Mas eu queria escrever e contar daquele tempo não medido entre o olhar e o aperto no peito, entre o sorriso leve e os olhos húmidos sem razão definida, entre o sentido e o gesto. Mas não consigo. Esbarro no arame farpado de uma sintaxe presa, sem que as palavras se tornem asas ou luz. Sinto o peso de todas elas, tantas, imensas.
São as palavras que me tornam pedra e terra e musgo. São as palavras que me tornam eco e tempo. São as palavras que me tornam íntima do mundo.

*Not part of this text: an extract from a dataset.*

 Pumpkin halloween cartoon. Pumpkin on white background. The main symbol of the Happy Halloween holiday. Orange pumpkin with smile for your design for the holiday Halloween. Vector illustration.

Estar Só é Estar no Íntimo do Mundo
Por vezes cada objecto se ilumina
do que no passar é pausa íntima
entre sons minuciosos que inclinam
a atenção para uma cavidade mínima
E estar assim tão breve e tão profundo
como no silêncio de uma planta
é estar no fundo do tempo ou no seu ápice
ou na alvura de um sono que nos dá
a cintilante substância do sítio
O mundo inteiro assim cabe num limbo
e é como um eco límpido e uma folha de sombra
que no vagar ondeia entre minúsculas luzes
E é astro imediato de um lúcido sono
fluvial e um núbil eclipse
em que estar só é estar no íntimo do mundo
António Ramos Rosa, Poemas Inéditos.
É sempre com agrado que venho até aqui!
Hoje eu também queria:
“Mas eu queria escrever e contar daquele tempo não medido entre o olhar e o aperto no peito, entre o sorriso leve e os olhos húmidos sem razão definida, entre o sentido e o gesto. Mas não consigo. Esbarro no arame farpado de uma sintaxe presa, sem que as palavras se tornem asas ou luz. Sinto o peso de todas elas, tantas, imensas”.
Obrigada Sara vou refletir!
beijinho
É o que fazes quando fotografas: crias intimidade com o mundo, querida Clarisse! Abraço.
António Ramos Rosa, O Livro da Ignorância, col.« Pequenos Continentes », Editora Signo|Brumarte, Lisboa|Ponta Delgada (Açores), Setembro de 1988.
http://bit.ly/xUEACa
Ficou belíssimo.
Estou sem palavras, mas de olhar turvo… Uma emoção este conjunto, Sara. É sempre tão bom vir aqui!